There were some suggestions, like PrimeCoin, that would use its blockchain computing power to calculate chains of prime numbers, or Permacoin (PDF), that also asked for storage space to create data archives. The sad reality is that none of these coins are likely to harness anything close to the computing power dedicated to Bitcoin.
Naturally, I wish that things had transpired such that the computing power had been devoted—at least in part—to science. There have been extraordinary citizen science successes, such as [email protected], [email protected], and Fold.it which take advantage of idle computing power from the users, as well as idle processing power in our brains in some cases.
This is put to good use: simulating climate change, scanning the skies for extra-terrestrial life, attempting to crack protein-folding problems. Rather than using a wind turbine to mine bitcoin to fund climate change research, it would all seem a lot less circular if mining bitcoin was doing the climate change research.

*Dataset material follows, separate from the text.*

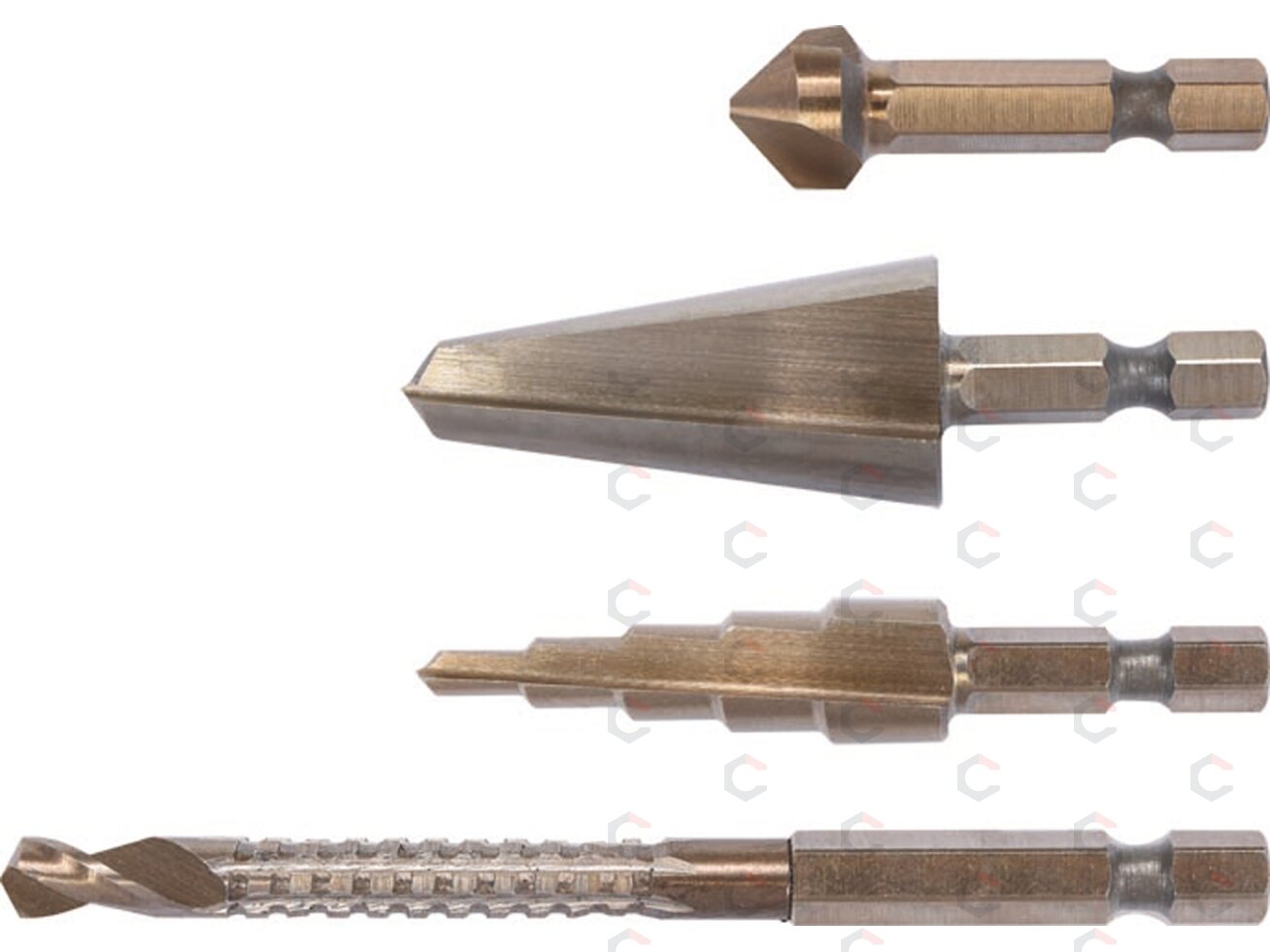 Frezų metalui rinkinys | HSS 4241 | 1/4" (6.3 mm) antgalis | 4 vnt (YT-44705) 4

There is no shortage of scientific problems crying out for access to computing power, as any graduate students waiting for their turn on their institution’s computing network will attest. Blockchain work could be used to mine the scientific literature for insights, or even for simulating the materials in fusion reactors.
Instead, at a time when we lean on scientific development more than ever to fix the world’s problems, one of the most powerful computer networks in the world is doing idle work just to prove to others that it’s done work. We don’t live in an ideal world, of course; but to this loser who still uses fiat currency to pay for everything, it seems like we missed out on living in a better one.